In regard to our organization, it has been many, many years since the by-laws of our congregation have been reviewed, and amended. This was another of my goals for this year, and I want to thank Fred Friedman and Norm Rosen for leading our by-laws committee, and working to bring them into alignment with current practices. I had hoped that we would have the proposed revisions ready in advance of our annual meeting, so that they could be put to a vote here, but unfortunately we fell short of that mark. But the work is nearly done, and we will have to hold a special congregational meeting in the fall, to discuss and vote on the proposed changes, and to further consider the role and rights of non-Jewish members of the congregation, a subject that requires consideration and deliberation on the part of our membership.
There are two additional goals that I set out last year that I do not feel have been adequately dealt with. One is planning for the future, and along with setting up a Sesquicentennial Fund, I will be establishing a Sesquicentennial Committee, charged with taking up the question of the future of our congregation. Where do we want to be in 2021? What are our long term goals, aside from simply surviving? It is essential that we think about the future, and our 150th birthday provides the perfect focal point for doing so. The other goal is listening. By that, I mean that we, the leadership of the synagogue, need to actively listen to the membership. It's not that we're deaf, I hasten to add, we certainly have been listening as much as possible, that's part of the job of being a trustee or an officer. But we need to be more proactive about it. I think having a congregational meeting about the by-laws will be helpful, and so will meeting with small groups of members to hear their concerns.

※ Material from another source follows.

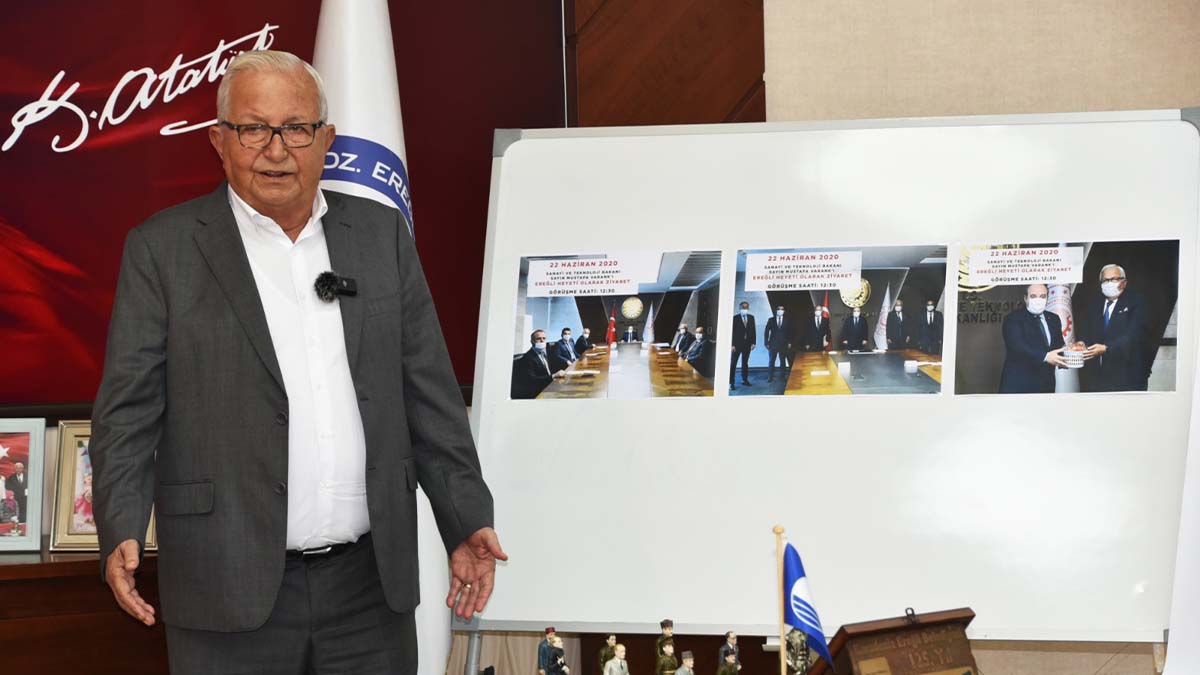 "Erdemir, Özel Endüstri Bölgesi olursa Ereğli ile hiçbir alakası olmayacak"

In conclusion, then, our congregation is strong, and I believe that we are moving forward, that we are better off today than we were a year ago, that we are getting stronger, and can get stronger still. In the end, our greatest strength is ourselves, what we each can individually offer in service to our shul, and what we all can accomplish by working together. So let's roll up our sleeves, all pitch in, and make this the best possible congregation that it can be. And may God bless you all, and God bless Adas Emuno.